> [Data section]

=-=-=-=-=

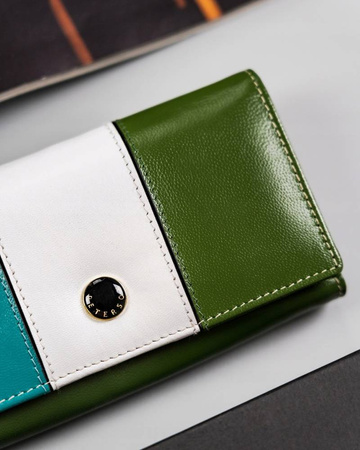 Damen Geldbörse aus Leder mit Druckknopf – Peterson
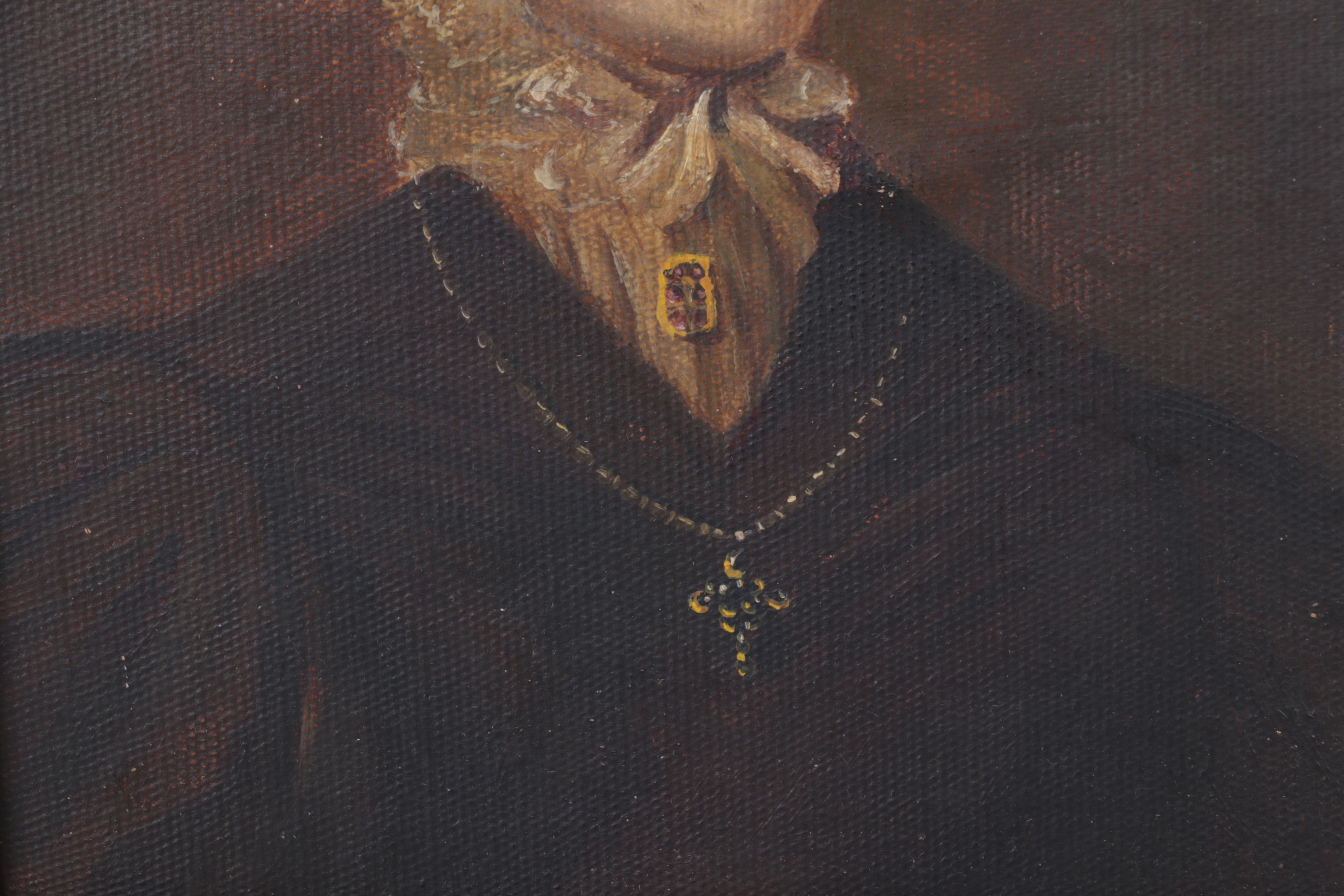 Portrait Oil Painting of Woman Attributed to Silas Martin, Circa 19th Century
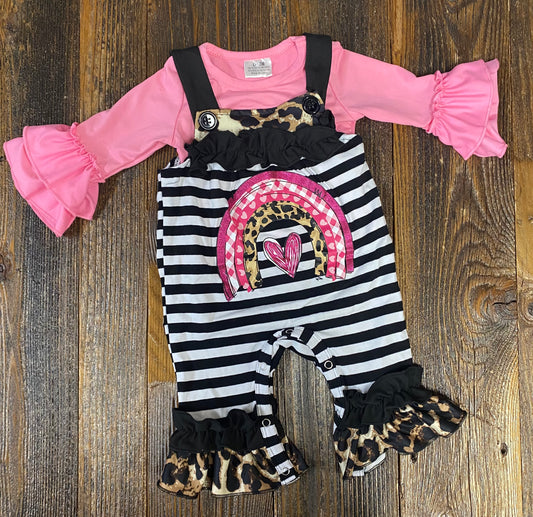 Rainbow & Stripe Overall Set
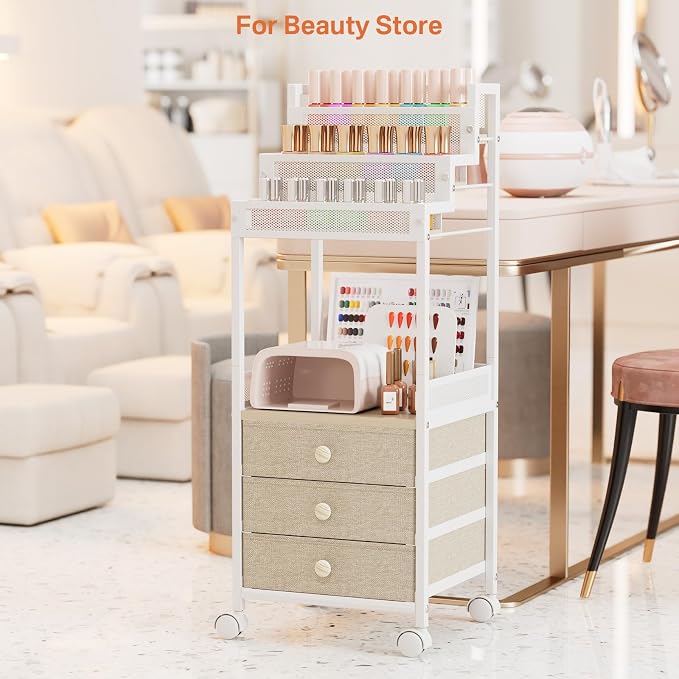 Makeup Organizer Storage with Drawers, 13 Inch Bathroom Stand Large Floor - Image 8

=-=-=-=-=

> [What you will do] Print the whole listing above exactly, and keep every picture out of the copy.

> [Response area]
 Damen Geldbörse aus Leder mit Druckknopf – Peterson
 Portrait Oil Painting of Woman Attributed to Silas Martin, Circa 19th Century
 Rainbow & Stripe Overall Set
 Makeup Organizer Storage with Drawers, 13 Inch Bathroom Stand Large Floor - Image 8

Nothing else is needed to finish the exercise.